Epic Sizing Ruler – extending the planning horizon

I joined an already established team, that had been working on a large scale Enterprise Data Warehouse implementation for over a year. I logged into Mingle and started to get up to speed with available planning data. My first step was to produce a burn-up chart to see how predictable the team were but also to check stakeholder expectations were aligned. Here’s the first burn-up:

daily-history-chart-edw-1

This graph was unable to answer the question “when will we be finished”. The backlog is constantly growing over time but even worse, the orange line (total scope) and the green line (work done) are diverging. This makes forecasting extremely difficult resulting in a more deterministic approach (plan and promise) rather than an empirical approach (measure and predict).

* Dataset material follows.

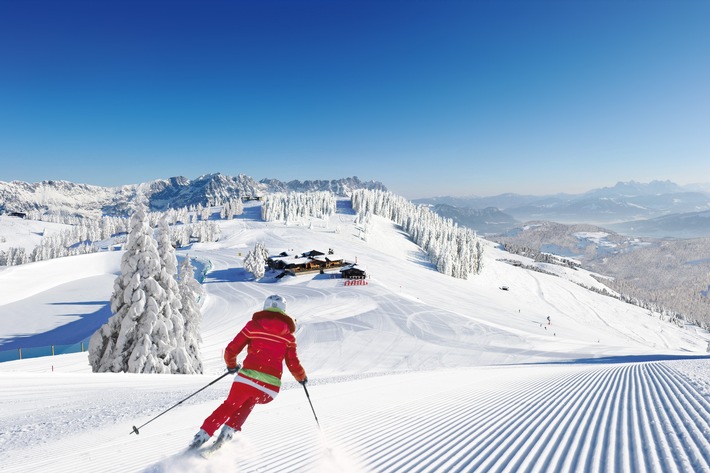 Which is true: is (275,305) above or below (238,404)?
above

The reason for the constant growth in scope was down to the way the work was cut. The team had defined all the high level epics. Each sprint they would select an epic from the backlog and break it down just-in-time for the next sprint(s). This is a very lean approach as it minimises waste by not committing too much time to up front activity where requirements are highly volatile. From a forecasting perspective this is extremely bad. Not knowing the total scope prevents us from extending the planning horizon beyond the next couple of sprints. It’s a trade-off between upfront effort and longer term planning.

We were about half way through the EDW implementation when I joined the team so we had lots of known data points. I needed to extend the planning horizon without distracting the team away from delivery with wasteful estimation activities. If the team attempt to breakdown all the remaining epics into stories and size them at this point then it could take them weeks. Weeks of wasteful effort. Enter the epic sizing ruler.

I first came across the concept of an epic sizing ruler at one of my client sites. Visually it looked good, served a really useful purpose for helping with prioritisation, and established a very rough order of magnitude. Maybe it even served to encourage the team to break the epics down to reduce batch size. Here’s a photo of their epic sizing ruler:

Epic Sizing Ruler - cdl

For us we had already delivered a number of epics so we knew how many stories each epic translated in to. I took the epics that had already been completed and stuck them all up on the wall. I wrote the number of stories in the top right of each card then distributed them across the scale Small, Medium, Large, eXtra Large, and eXtra eXtra Large. We had some minor debate about what number of stories constitutes what sizes but we all settled on the groupings below which ‘felt’ about right. Note the purposeful lack of science here! Once the ruler was set up we moved on to actually using it to size epics.

Epic Sizing Ruler

To use the ruler we simply took all the remaining un-sized epics in the backlog and relatively sized them by pinning them to the board in the place that felt about right. It took the team less than an hour to relatively size 23 epics.

From this relative sizing exercise we assigned an arbitrary default number of stories to each size based on sizing we observed from the historical epic sizes on the ruler:

  • S = 20 cards
  • M = 30 cards
  • L = 50 cards
  • XL = 100 cards
  • XXL = 200 cards

The next step is to create placeholder stories in Mingle against each epic that provides the data to enable more accurate forecasting. You can see from the burn-up chart below that the scope and done lines are now converging, thus extending the planning horizon.

daily-history-chart-edw

 

The team haven’t changed their process in regards to just-in-time breaking down of epics either. They still do this but what they now do is simply replace the placeholder stories with real stories as they breakdown the epic. Sometimes they end up with a couple of placeholder cards left over that they simply delete. Sometimes they don’t have enough placeholder stories to replace so they simply create new stories. So far we’ve found the sizing to be pretty accurate having now broken down many epics.

One concern we had was the number of placeholder stories might influence how the epics are broken down, i.e. to make them fit. But to counter this all stories are relatively sized as part of the standard approach to story writing. The team always aim to write the stories so they can get across our value stream in 5 days or less. Anything bigger than this they attempt to breakdown the story further.

In summary, visualise your uncertainty, use known data points where available, use burn-up charts to forecast and extend your planning horizon.